- Crawled caption data -
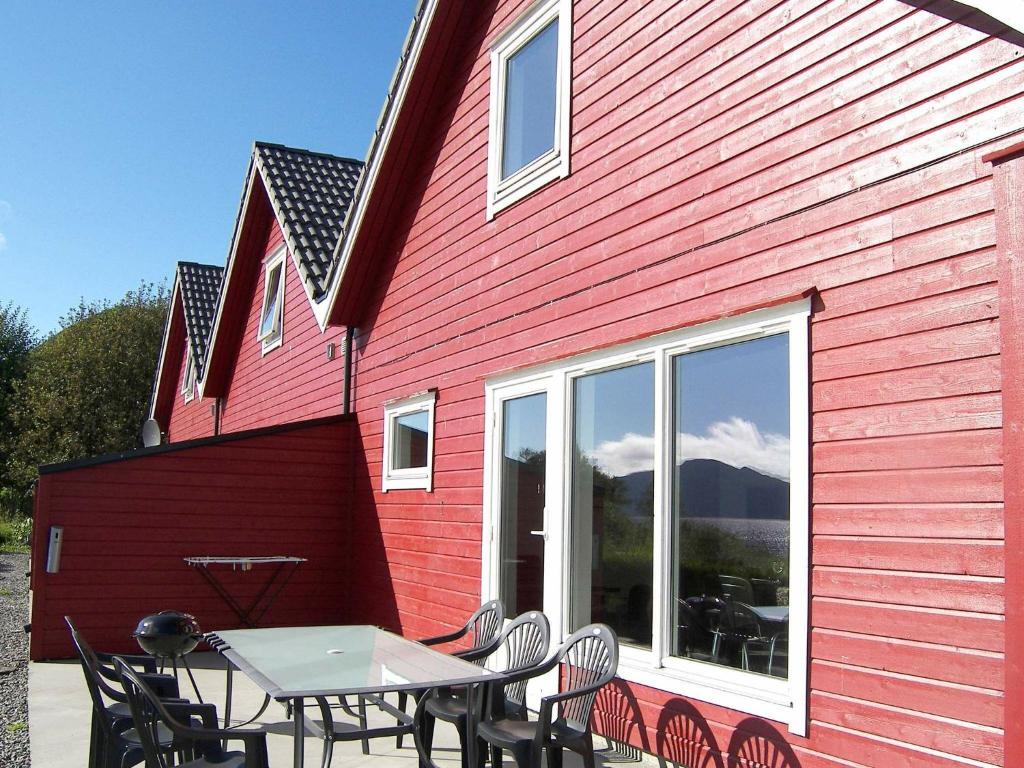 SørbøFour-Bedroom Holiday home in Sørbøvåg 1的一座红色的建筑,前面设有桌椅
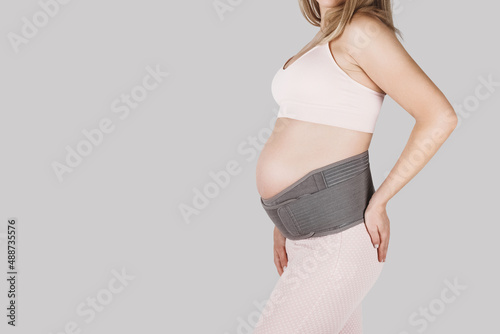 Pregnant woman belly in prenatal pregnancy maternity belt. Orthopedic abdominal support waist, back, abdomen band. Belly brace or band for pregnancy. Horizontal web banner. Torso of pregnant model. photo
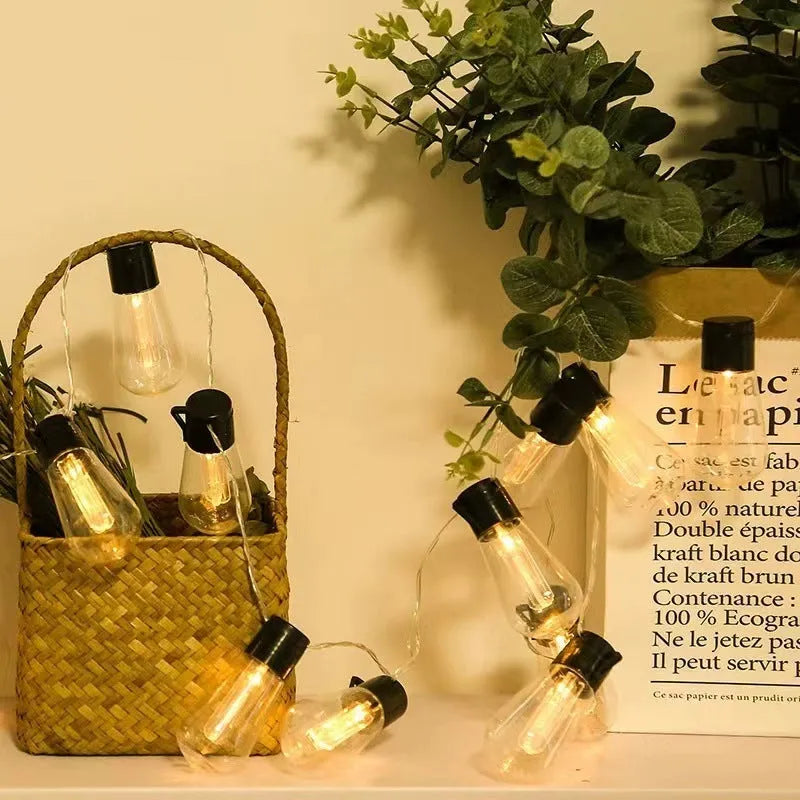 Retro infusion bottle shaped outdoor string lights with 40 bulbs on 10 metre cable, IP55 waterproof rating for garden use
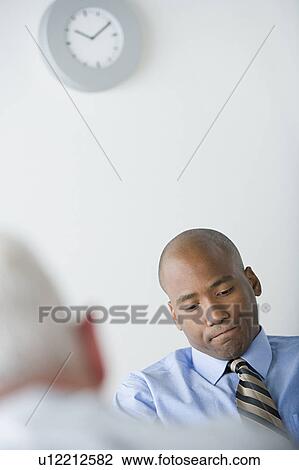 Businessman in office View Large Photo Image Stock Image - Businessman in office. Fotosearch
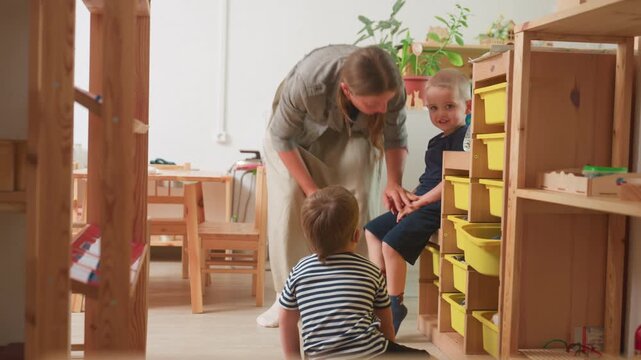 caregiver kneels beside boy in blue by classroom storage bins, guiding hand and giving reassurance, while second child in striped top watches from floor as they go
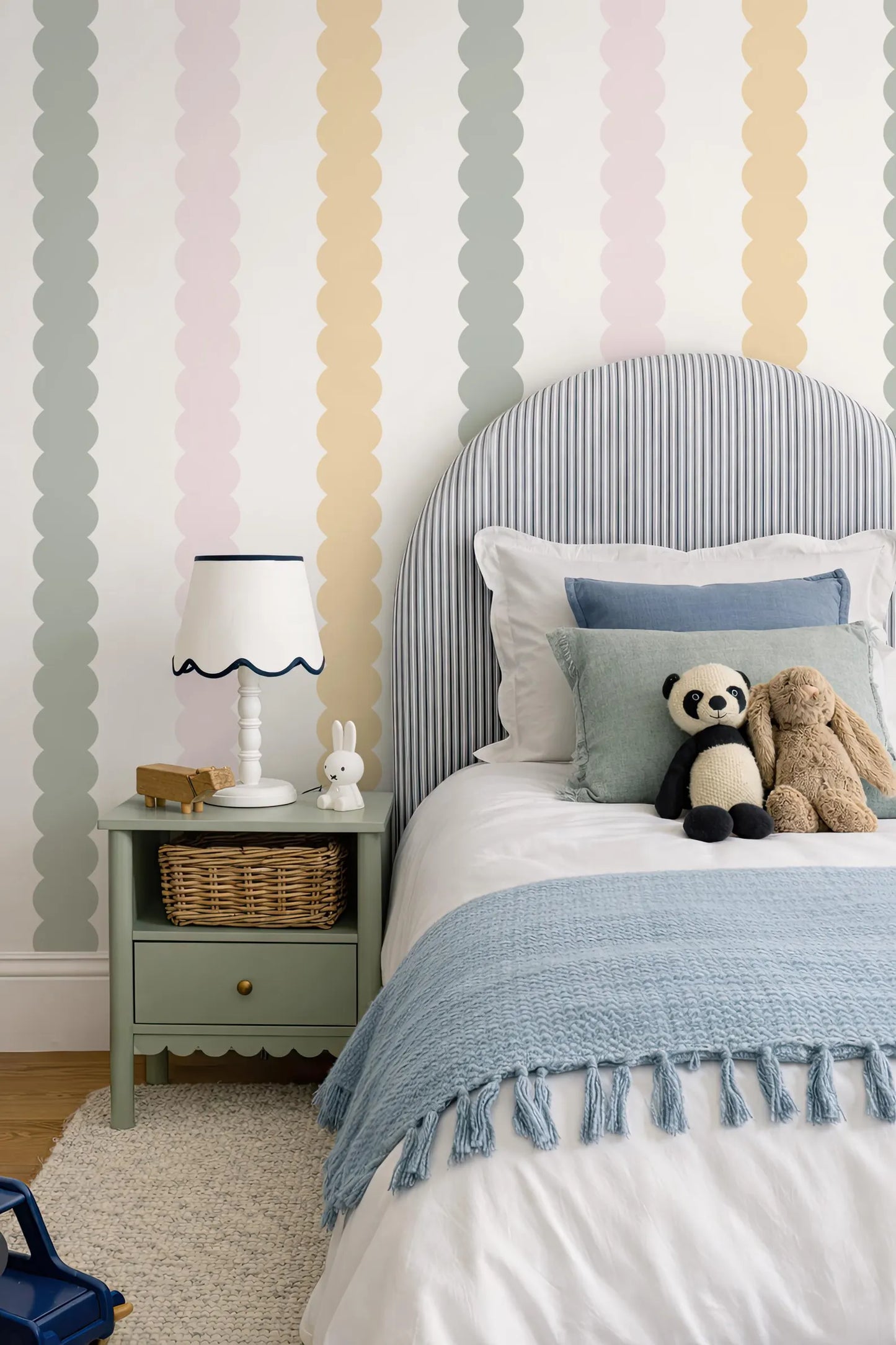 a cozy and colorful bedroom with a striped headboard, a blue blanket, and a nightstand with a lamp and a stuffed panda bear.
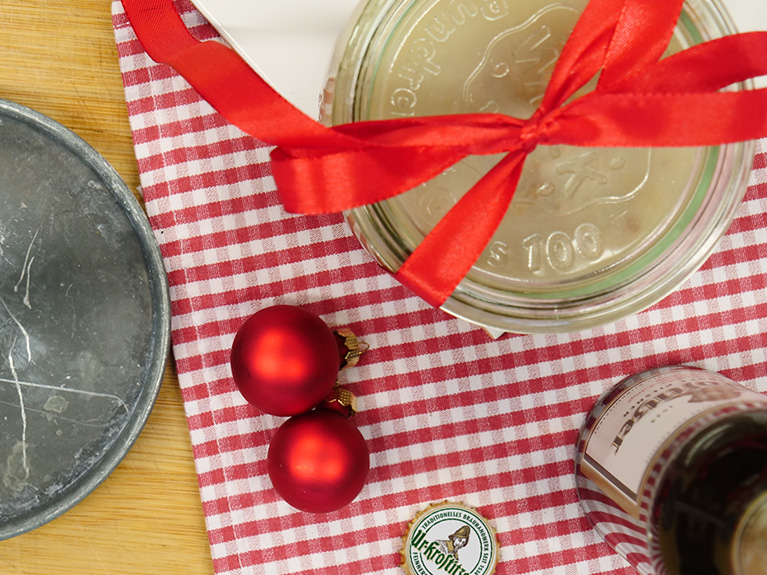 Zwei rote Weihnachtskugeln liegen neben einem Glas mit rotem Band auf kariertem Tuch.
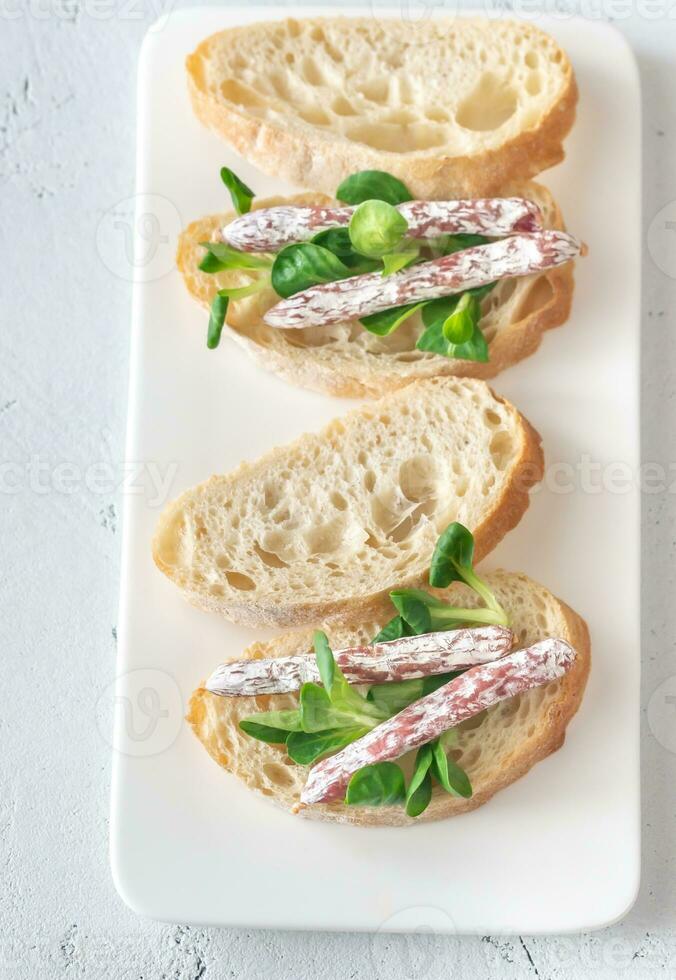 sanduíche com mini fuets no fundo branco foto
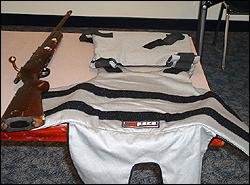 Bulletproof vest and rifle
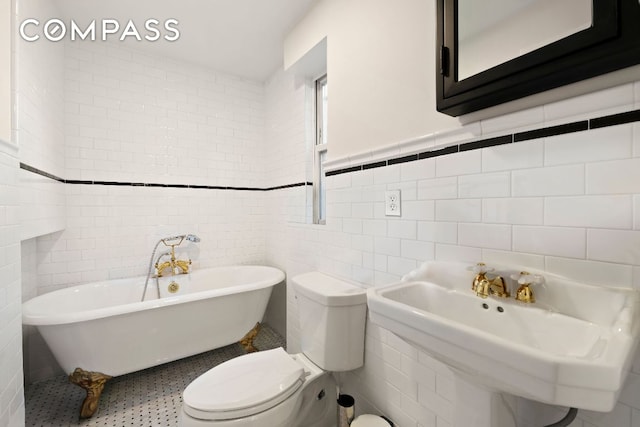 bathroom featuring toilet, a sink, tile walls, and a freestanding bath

- THE PROBLEM -
Because only the text is wanted, repeat all the entries exactly and leave out the pictures.

- COMPLETED EXERCISE -
 SørbøFour-Bedroom Holiday home in Sørbøvåg 1的一座红色的建筑,前面设有桌椅
 Pregnant woman belly in prenatal pregnancy maternity belt. Orthopedic abdominal support waist, back, abdomen band. Belly brace or band for pregnancy. Horizontal web banner. Torso of pregnant model. photo
 Retro infusion bottle shaped outdoor string lights with 40 bulbs on 10 metre cable, IP55 waterproof rating for garden use
 Businessman in office View Large Photo Image Stock Image - Businessman in office. Fotosearch
 caregiver kneels beside boy in blue by classroom storage bins, guiding hand and giving reassurance, while second child in striped top watches from floor as they go
 a cozy and colorful bedroom with a striped headboard, a blue blanket, and a nightstand with a lamp and a stuffed panda bear.
 Zwei rote Weihnachtskugeln liegen neben einem Glas mit rotem Band auf kariertem Tuch.
 sanduíche com mini fuets no fundo branco foto
 Bulletproof vest and rifle
 bathroom featuring toilet, a sink, tile walls, and a freestanding bath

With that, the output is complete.